Follow TV Tropes

Reviews Series / American Horror Story Roanoke

Go To

RoyFlowers Since: Feb, 2013
10/25/2017 19:59:40 •••

Oh, sweet, bloody effort

Like the previous reviewer, I'd basically given up on American Horror Story. I did not keep up with Roanoke when it was airing, nor am I keeping up with Cult. It's a series that, despite all of its glowing qualities, regularly gets my hopes up only to disappoint me. When the sixth season came to Netflix, I clicked on the first episode more out of boredom than genuine interest; just something mildly October-esque to watch as I ate dinner.

I was pleasantly surprised to find that I was not agitated by the first episode or the season's documentary/found footage/reality television schtick. I was intrigued, actually. Still, I continued on with caution. This show always does a pretty damn good job of wrapping you up in the new story, characters and setting with its first few episodes, only to pathetically fumble the ball for the rest of the season until the "story" just sort of ends wherever.

It's still got some big flaws, but Roanoke is really one of AHS's better seasons; it's on equal footing with Asylum and Murder House. They actually correct some of the mistakes that have ruined previous seasons. For one thing, the story feels like an actual story. Aside from a tacked-on ending standard to this series (which, even that still fits with the rest of the story), Roanoke is tight and intense and doesn't get as excessively campy as some previous seasons. In fact, here the campiness isn't just for cheap, trashy laughs, but it's all fairly in-character and lightens the mood when needed desperately. I'm also pleased that they tried writing characters this season, and not just vapid, garish, walking cliches who all inevitably become inhuman murderers with no consistent sense of morality. While occasionally over the top, most of these characters at least feel like actual humans. The show also doesn't try to constantly bash you over the head with its messages and symbolism; it saves that for the second half of the season, where such blatant stuff actually adds to this particular story.

This is definitely the most unique use of the AHS cast. Some of them have at least two to three roles, since they are playing characters who are actors playing other characters.

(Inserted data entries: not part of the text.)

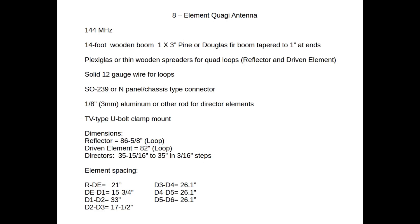For the boom you'll need something about 14 feet long, approximately 1 by 3 inches, made of pine or Douglas fir, tapered to about 1 inch at each end. You'll need plexiglass or thin wooden spreaders for the quad loops. The reflector and driven element are made from 12-gauge solid wire. For the driven element you'll need either an SO-239 chassis or N-type chassis connector.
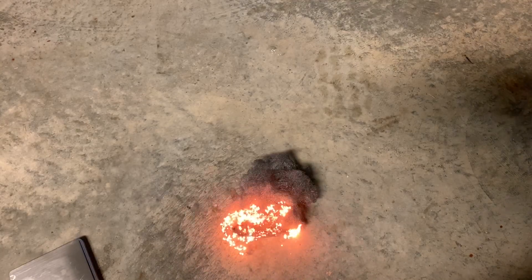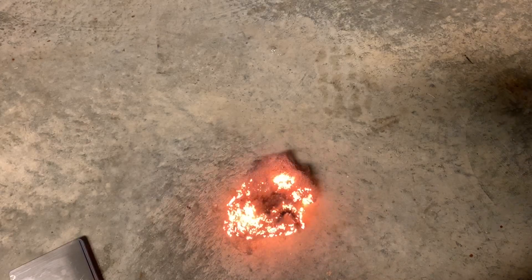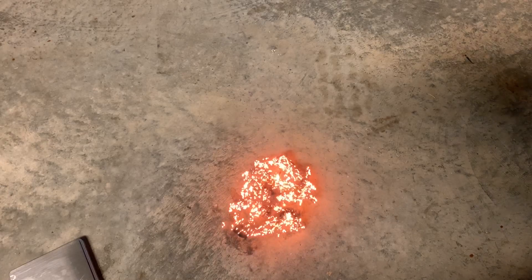So let's see what happens when we burn this. Remember it weighed 4.2 grams. And look at that — that's in just air. That huge surface area means it has much more access to the oxygen in the air, and it basically completely burns up.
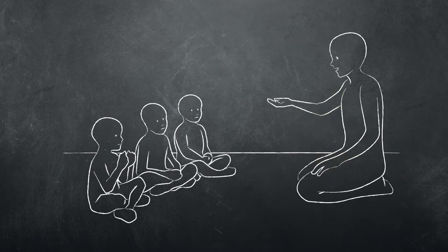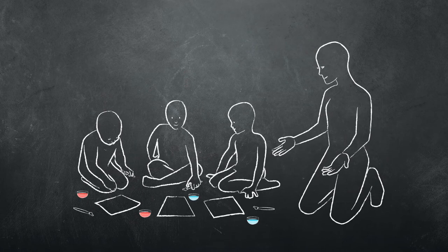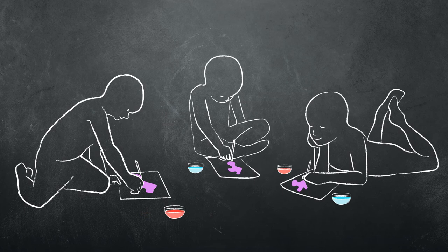Also, when a teacher introduces a new idea or concept, like mixing two colors to make a new color, the students may have a hard time understanding. So the teacher can use the hands-on method to provide an activity that makes the idea easier to understand.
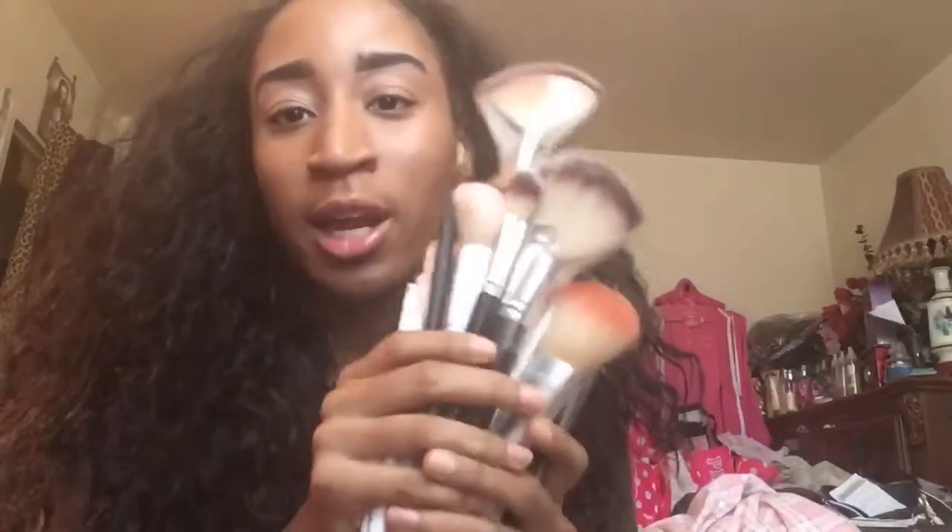I will definitely buy some more brushes because I need them. I want to try Shop Miss A's new brushes, BH Cosmetics' new brushes, and also Amazon brushes to see the quality.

The main and secondary characters switch places in the second half of the season. Lady Gaga, Alexandra Daddario and Finn Wittrock — after playing vampire sex gods last season — are all damn-near unrecognizable here as hideous backwoods freaks.

At the very least, this whole season is better than the majority of found footage movies "based on true events" that have come out in the last 10 or 15 years. They do an even better job at capitalizing on that particular gimmick than even last season with it's horror hotel themes.

Although AHS still upholds style over substance, I found Roanoke to be a solid piece of TV. It isn't perfect, but it's far superior to the creative disasters that were last the two or three seasons.